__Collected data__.
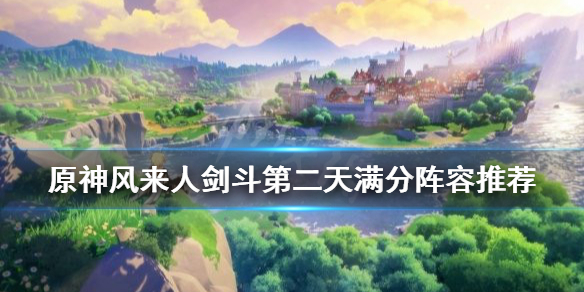 原神风来人剑斗第二天满分阵容推荐（原神风来人剑斗绮第二天怎么打）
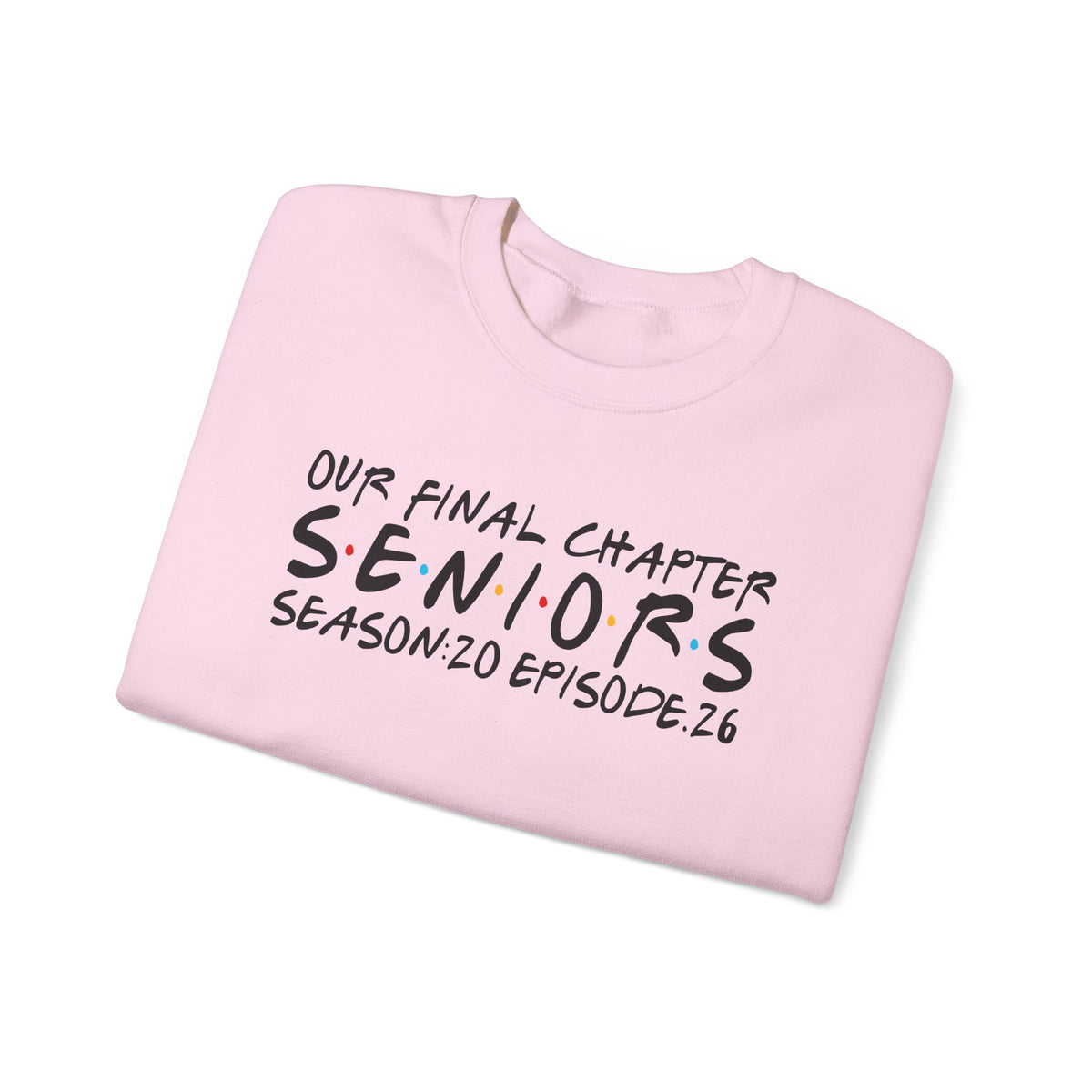 Senior Class Friends "Our Final Chapter" Graduation Class of 2026 – Gildan Heavy Blend | Trendy Women’s and Men's Soft Sweatshirt. Direct to Garment. Printed & Shipped in the USA. Unisex Sizes.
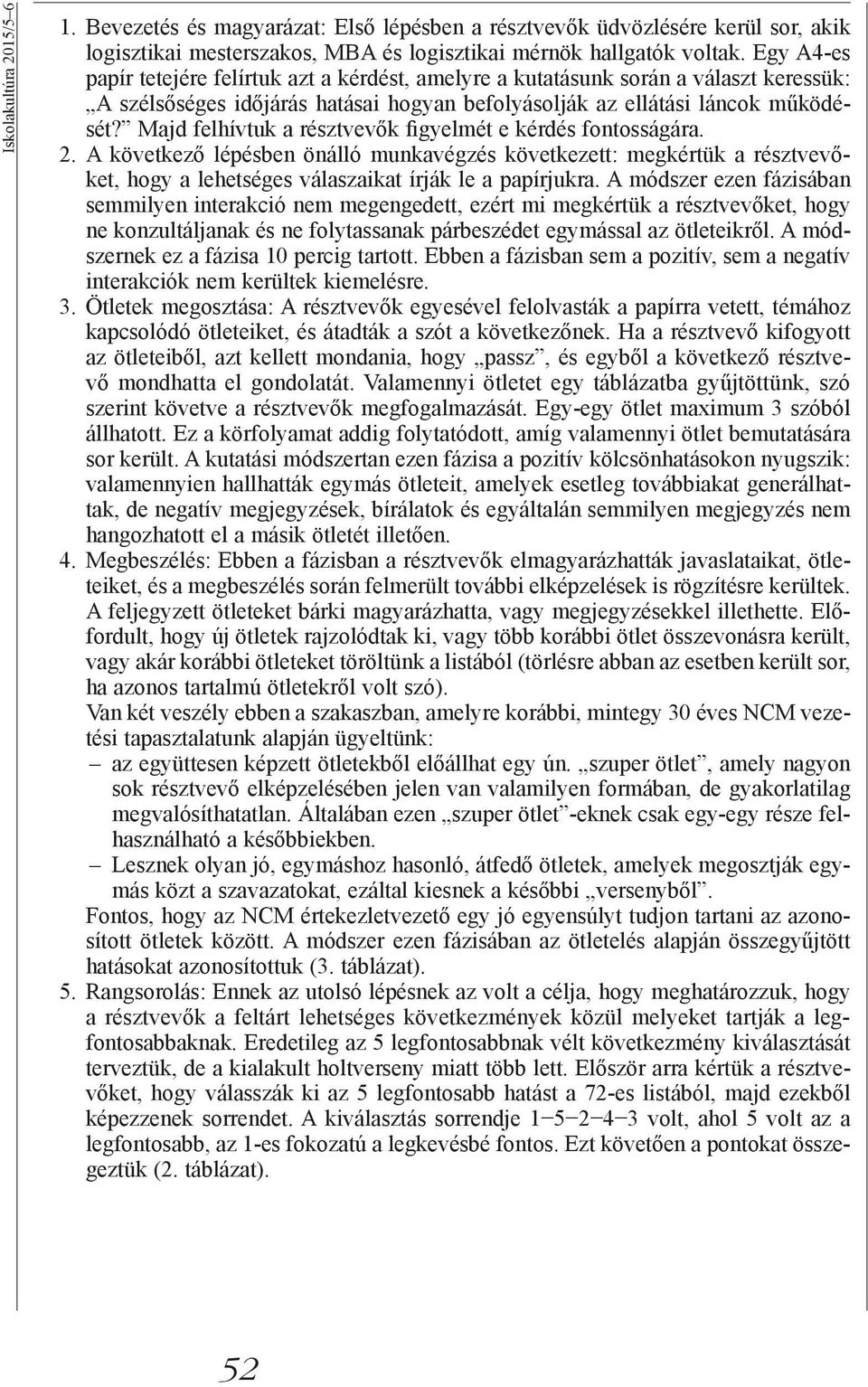 Majd felhívtuk a résztvevők figyelmét e kérdés fontosságára. 2. A következő lépésben önálló munkavégzés következett: megkértük a résztvevőket, hogy a lehetséges válaszaikat írják le a papírjukra.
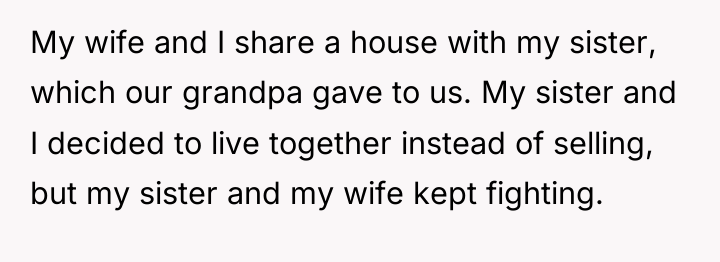 My wife and I share a house with my sister,...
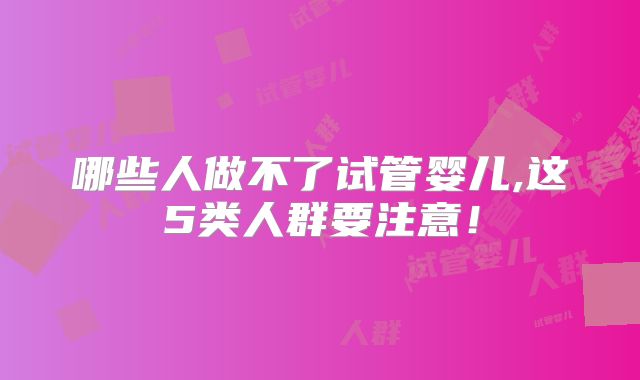 哪些人做不了试管婴儿,这5类人群要注意！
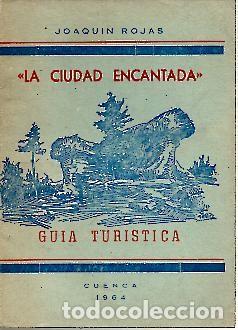 Libros: LA CIUDAD ENCANTADA, GUIA TURISTICA. - ROJAS, Joaqu&iacute;n. - Foto 1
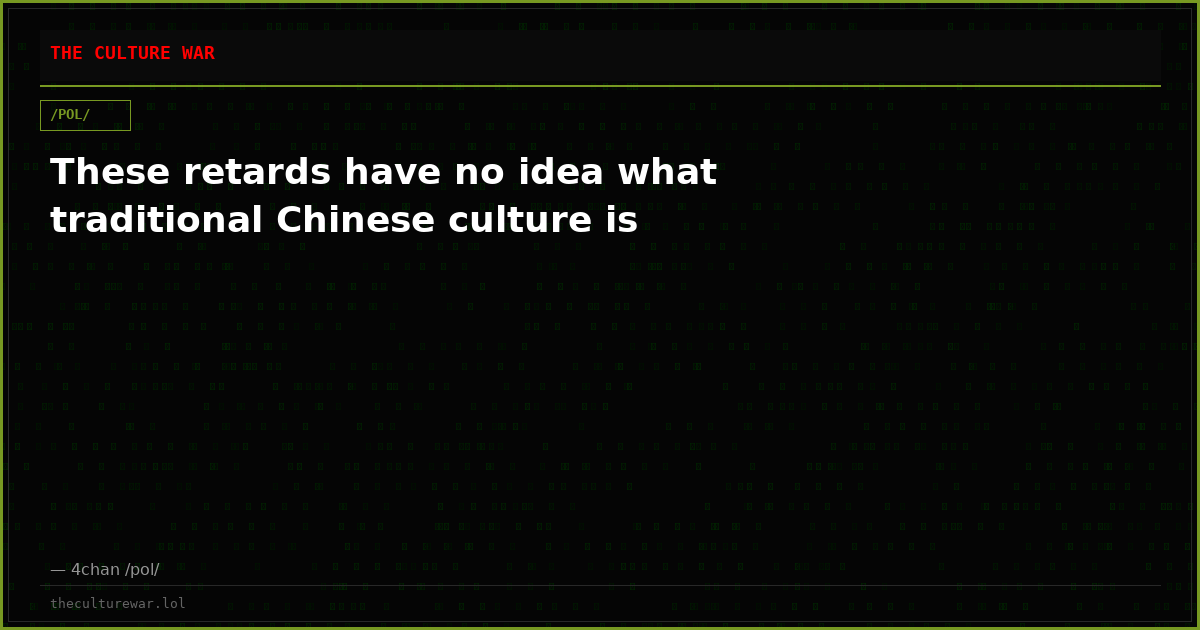 These retards have no idea what traditional Chinese culture is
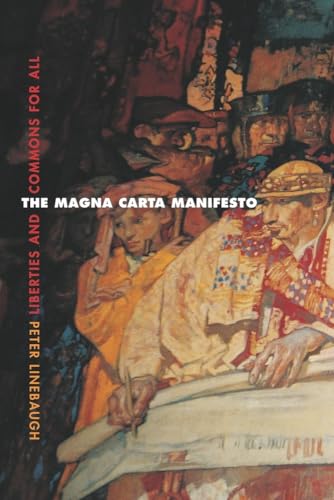 The Magna Carta Manifesto: Liberties and Commons for All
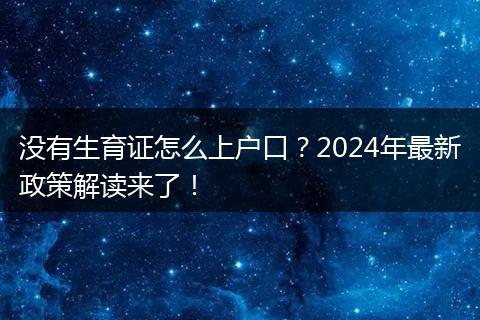 没有生育证怎么上户口？2024年最新政策解读来了！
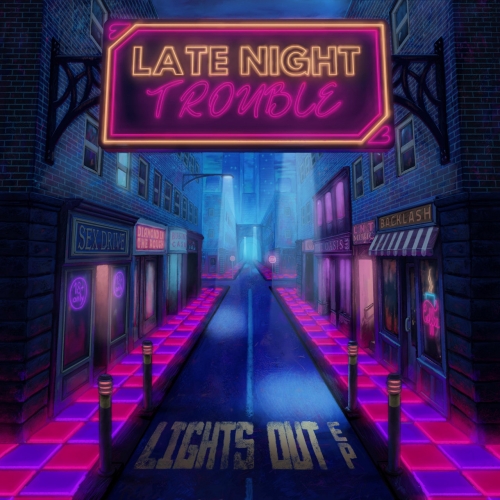 Late Night Trouble - Lights Out [EP] (2022)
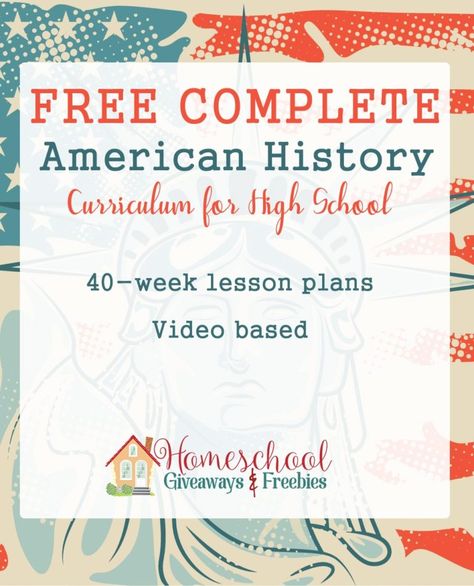 FREE Complete American History Curriculum for High School - Homeschool Giveaways History Homeschool Curriculum, High School American History, American History Curriculum, Homeschool Highschool, History Homeschool, American History Homeschool, History Video, American History Timeline, High School Curriculum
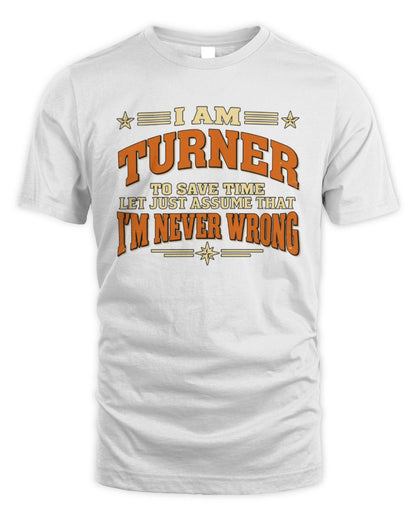 I'm Name Let's Just Assume I'm Never Wrong Retro Shirt TURNER M1-64 / Unisex Standard T-Shirt / white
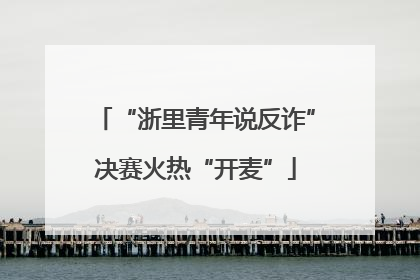 “浙里青年说反诈”决赛火热“开麦”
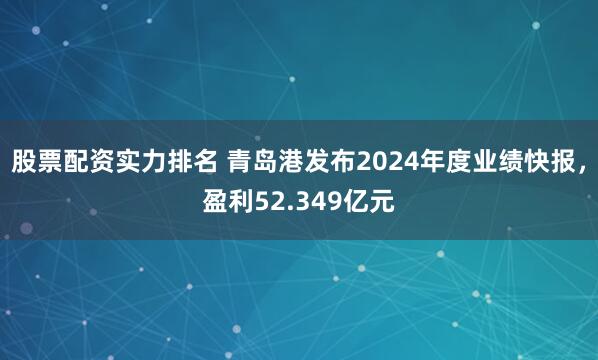 股票配资实力排名 青岛港发布2024年度业绩快报，盈利52.349亿元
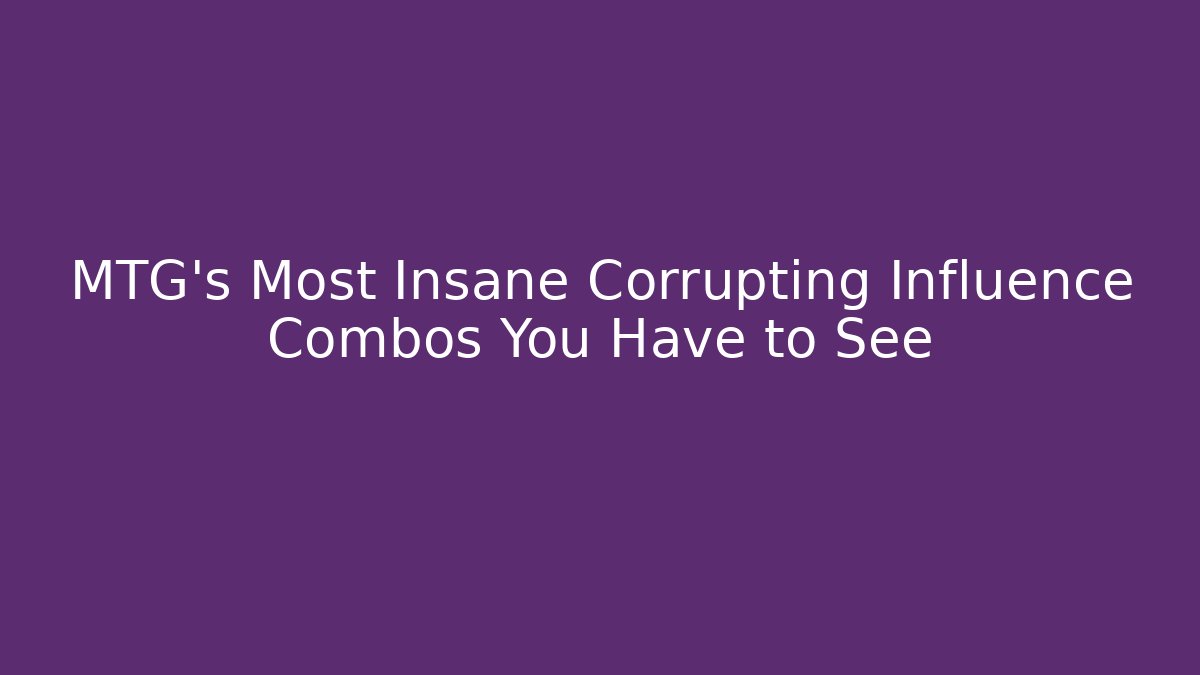 MTG's Most Insane Corrupting Influence Combos You Have to See
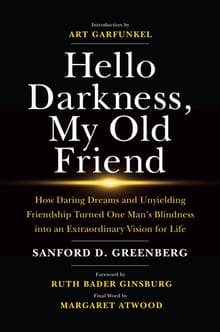 Book cover of Hello Darkness, My Old Friend: How Daring Dreams and Unyielding Friendship Turned One Man's Blindness into an Extraordinary Vision for Life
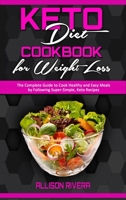 Keto Diet Cookbook for Weight Loss: The Complete Guide to Cook Healthy and Easy Meals by Following Super-Simple, Keto Recipes 180194072X Book Cover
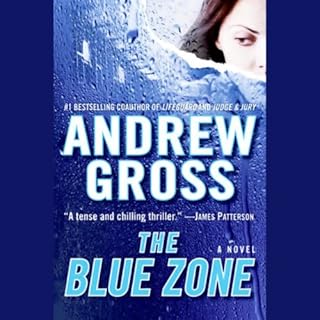 The Blue Zone Audiolibro Por Andrew Gross arte de portada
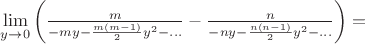 $\lim\limits_{y \to 0}\left(\frac{m}{-my-\frac{m(m-1)}{2}y^2-\dots}-\frac{n}{-ny-\frac{n(n-1)}{2}y^2-\dots}\right)=$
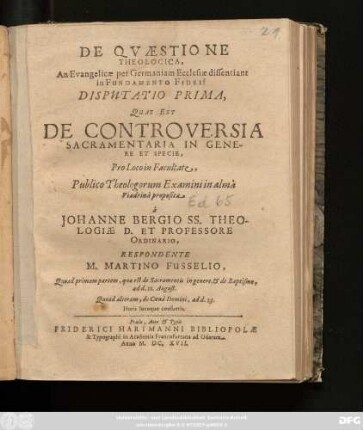 De Quaestione Theologica, An Evangelicae per Germaniam Ecclesiae dissentiant in Fundamento Fidei? : Disputatio Prima, Quae Est De Controversia Sacramentaria In Genere Et Specie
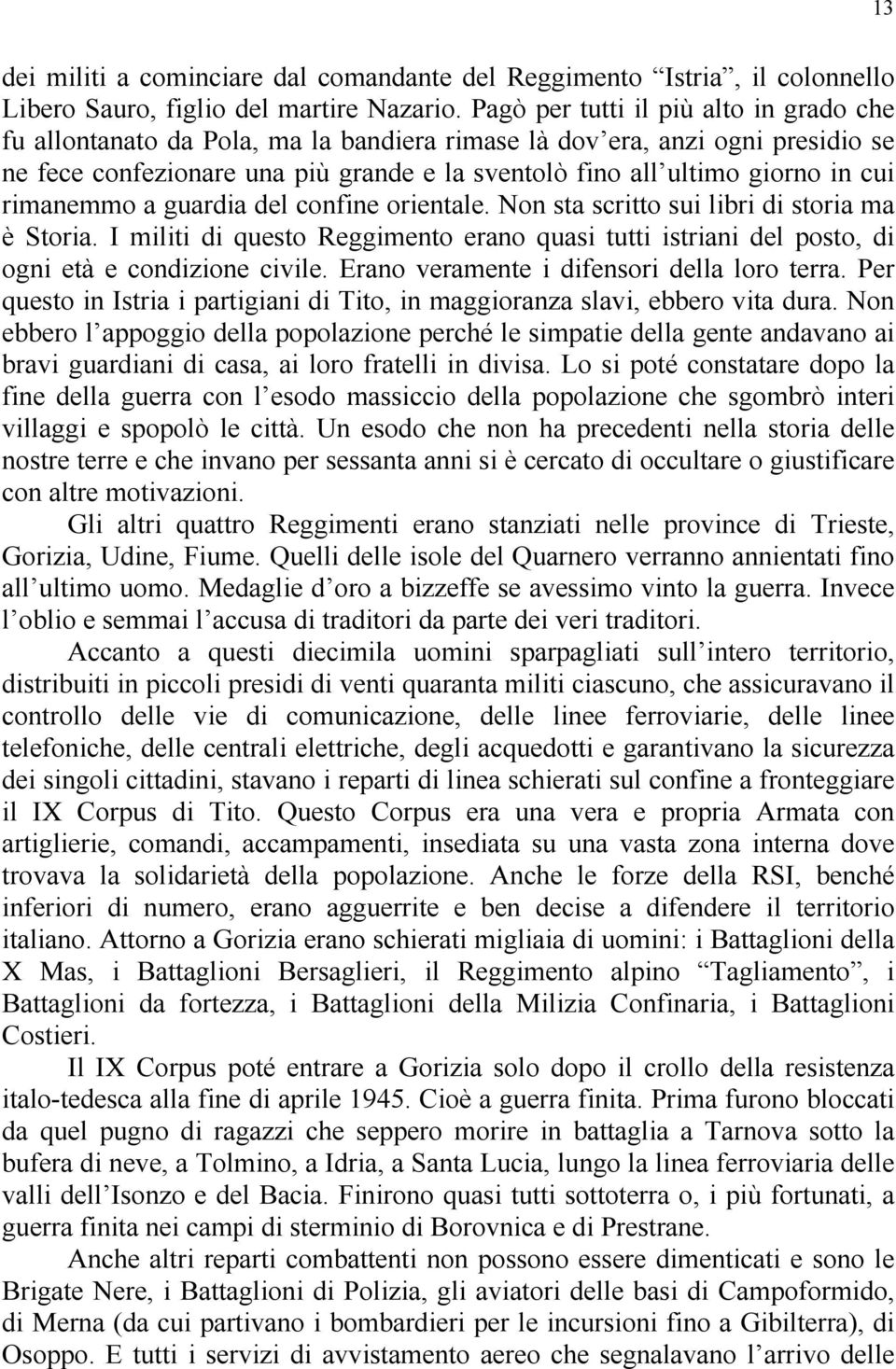 rimanemmo a guardia del confine orientale. Non sta scritto sui libri di storia ma è Storia. I militi di questo Reggimento erano quasi tutti istriani del posto, di ogni età e condizione civile.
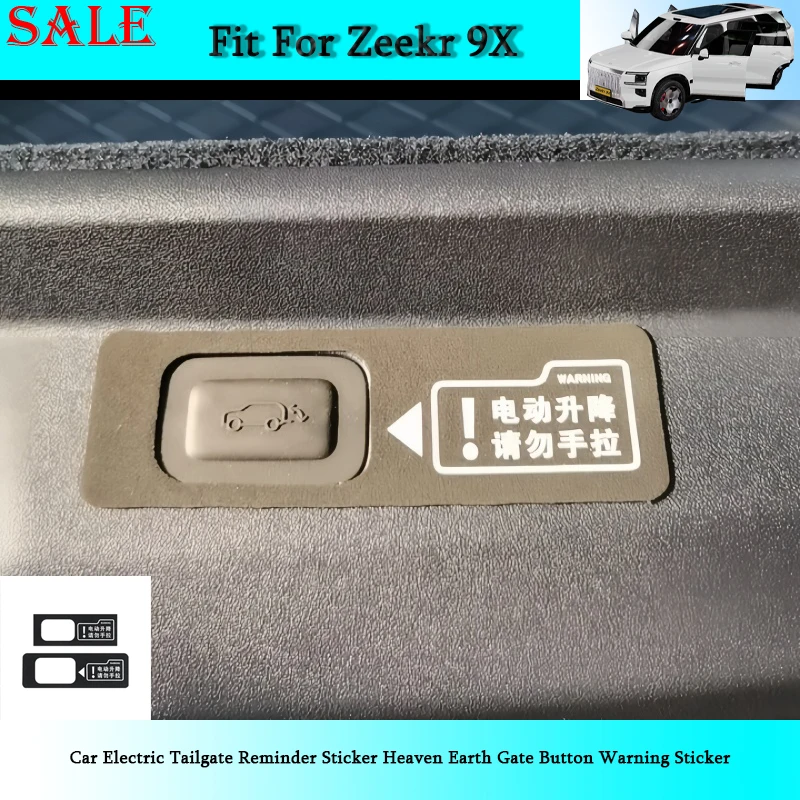 Fit for Zeekr 9X 2025 2026 Car Electric Tailgate Reminder Sticker Heaven Earth Gate Button Warning Sticker Car Interior Parts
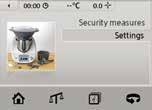This could result in damage that may cause the Thermomix to become inoperable. Settings When selecting Settings, you will find a list of the functions to further customize your Thermomix.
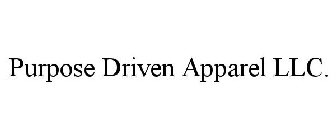 PURPOSE DRIVEN APPAREL LLC.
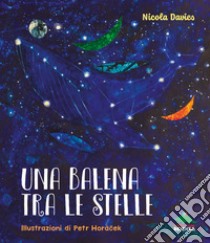 Una balena tra le stelle. Ediz. a colori libro di Davies Nicola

__ASSIGNMENT__.
Repeat, word for word, each of the records, omitting any image they hold.

__RESPONSE__.
 原神风来人剑斗第二天满分阵容推荐（原神风来人剑斗绮第二天怎么打）
 Senior Class Friends "Our Final Chapter" Graduation Class of 2026 – Gildan Heavy Blend | Trendy Women’s and Men's Soft Sweatshirt. Direct to Garment. Printed & Shipped in the USA. Unisex Sizes.
 Majd felhívtuk a résztvevők figyelmét e kérdés fontosságára. 2. A következő lépésben önálló munkavégzés következett: megkértük a résztvevőket, hogy a lehetséges válaszaikat írják le a papírjukra.
 My wife and I share a house with my sister,...
 哪些人做不了试管婴儿,这5类人群要注意！
 Libros: LA CIUDAD ENCANTADA, GUIA TURISTICA. - ROJAS, Joaqu&iacute;n. - Foto 1
 These retards have no idea what traditional Chinese culture is
 The Magna Carta Manifesto: Liberties and Commons for All
 没有生育证怎么上户口？2024年最新政策解读来了！
 Late Night Trouble - Lights Out [EP] (2022)
 FREE Complete American History Curriculum for High School - Homeschool Giveaways History Homeschool Curriculum, High School American History, American History Curriculum, Homeschool Highschool, History Homeschool, American History Homeschool, History Video, American History Timeline, High School Curriculum
 I'm Name Let's Just Assume I'm Never Wrong Retro Shirt TURNER M1-64 / Unisex Standard T-Shirt / white
 “浙里青年说反诈”决赛火热“开麦”
 股票配资实力排名 青岛港发布2024年度业绩快报，盈利52.349亿元
 MTG's Most Insane Corrupting Influence Combos You Have to See
 Book cover of Hello Darkness, My Old Friend: How Daring Dreams and Unyielding Friendship Turned One Man's Blindness into an Extraordinary Vision for Life
 Keto Diet Cookbook for Weight Loss: The Complete Guide to Cook Healthy and Easy Meals by Following Super-Simple, Keto Recipes 180194072X Book Cover
 The Blue Zone Audiolibro Por Andrew Gross arte de portada
 $\lim\limits_{y \to 0}\left(\frac{m}{-my-\frac{m(m-1)}{2}y^2-\dots}-\frac{n}{-ny-\frac{n(n-1)}{2}y^2-\dots}\right)=$
 De Quaestione Theologica, An Evangelicae per Germaniam Ecclesiae dissentiant in Fundamento Fidei? : Disputatio Prima, Quae Est De Controversia Sacramentaria In Genere Et Specie
 rimanemmo a guardia del confine orientale. Non sta scritto sui libri di storia ma è Storia. I militi di questo Reggimento erano quasi tutti istriani del posto, di ogni età e condizione civile.
 Fit for Zeekr 9X 2025 2026 Car Electric Tailgate Reminder Sticker Heaven Earth Gate Button Warning Sticker Car Interior Parts
This could result in damage that may cause the Thermomix to become inoperable. Settings When selecting Settings, you will find a list of the functions to further customize your Thermomix.
 PURPOSE DRIVEN APPAREL LLC.
 Una balena tra le stelle. Ediz. a colori libro di Davies Nicola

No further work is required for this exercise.